Scan the data for "Pendant" and copy each matching line.

Material shown:
- - -

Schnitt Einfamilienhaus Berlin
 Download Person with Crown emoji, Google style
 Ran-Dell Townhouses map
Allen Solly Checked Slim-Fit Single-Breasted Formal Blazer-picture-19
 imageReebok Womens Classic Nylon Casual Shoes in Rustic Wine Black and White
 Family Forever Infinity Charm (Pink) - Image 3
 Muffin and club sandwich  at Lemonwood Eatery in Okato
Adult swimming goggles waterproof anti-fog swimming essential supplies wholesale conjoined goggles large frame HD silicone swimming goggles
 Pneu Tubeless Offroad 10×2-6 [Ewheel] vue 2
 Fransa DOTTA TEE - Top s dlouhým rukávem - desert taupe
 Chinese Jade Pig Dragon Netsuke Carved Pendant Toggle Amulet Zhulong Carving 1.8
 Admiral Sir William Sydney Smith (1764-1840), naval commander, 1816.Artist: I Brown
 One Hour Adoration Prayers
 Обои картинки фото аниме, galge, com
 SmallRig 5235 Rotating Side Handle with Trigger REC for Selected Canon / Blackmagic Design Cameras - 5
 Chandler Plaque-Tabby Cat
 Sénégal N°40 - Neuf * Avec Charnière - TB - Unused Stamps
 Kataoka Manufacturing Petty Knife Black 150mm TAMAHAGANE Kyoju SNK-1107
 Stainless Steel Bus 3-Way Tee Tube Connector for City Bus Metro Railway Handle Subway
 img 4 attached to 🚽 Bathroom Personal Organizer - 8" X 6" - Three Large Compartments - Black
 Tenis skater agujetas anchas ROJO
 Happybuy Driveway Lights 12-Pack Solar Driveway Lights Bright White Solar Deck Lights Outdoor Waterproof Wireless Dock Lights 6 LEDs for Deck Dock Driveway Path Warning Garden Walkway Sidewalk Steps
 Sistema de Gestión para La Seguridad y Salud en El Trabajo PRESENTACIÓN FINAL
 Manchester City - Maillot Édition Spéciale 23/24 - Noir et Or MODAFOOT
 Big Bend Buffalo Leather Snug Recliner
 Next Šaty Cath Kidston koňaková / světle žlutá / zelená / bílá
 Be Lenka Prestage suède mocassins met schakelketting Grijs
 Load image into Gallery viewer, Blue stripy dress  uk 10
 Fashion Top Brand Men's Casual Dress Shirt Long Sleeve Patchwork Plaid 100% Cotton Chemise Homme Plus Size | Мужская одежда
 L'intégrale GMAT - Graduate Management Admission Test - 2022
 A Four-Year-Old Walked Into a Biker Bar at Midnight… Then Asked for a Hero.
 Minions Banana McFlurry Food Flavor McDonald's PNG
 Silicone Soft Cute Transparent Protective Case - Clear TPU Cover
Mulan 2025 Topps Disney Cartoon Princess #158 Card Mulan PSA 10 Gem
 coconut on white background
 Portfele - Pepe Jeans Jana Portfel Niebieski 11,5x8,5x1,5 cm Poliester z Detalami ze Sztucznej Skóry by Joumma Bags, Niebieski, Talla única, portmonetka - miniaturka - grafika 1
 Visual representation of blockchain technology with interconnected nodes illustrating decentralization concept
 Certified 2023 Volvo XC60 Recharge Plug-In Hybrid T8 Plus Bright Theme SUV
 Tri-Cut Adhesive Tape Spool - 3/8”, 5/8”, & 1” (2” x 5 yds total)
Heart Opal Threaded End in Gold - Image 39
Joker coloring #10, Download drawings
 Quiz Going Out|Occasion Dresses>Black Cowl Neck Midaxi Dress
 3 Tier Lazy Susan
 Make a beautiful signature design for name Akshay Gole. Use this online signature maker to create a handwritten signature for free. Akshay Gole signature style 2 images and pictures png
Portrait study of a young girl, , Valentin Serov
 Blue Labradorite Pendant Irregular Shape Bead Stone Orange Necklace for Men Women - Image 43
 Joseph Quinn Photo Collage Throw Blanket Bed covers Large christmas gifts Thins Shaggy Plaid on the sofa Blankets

- - -

Response below:
 Chinese Jade Pig Dragon Netsuke Carved Pendant Toggle Amulet Zhulong Carving 1.8
 Blue Labradorite Pendant Irregular Shape Bead Stone Orange Necklace for Men Women - Image 43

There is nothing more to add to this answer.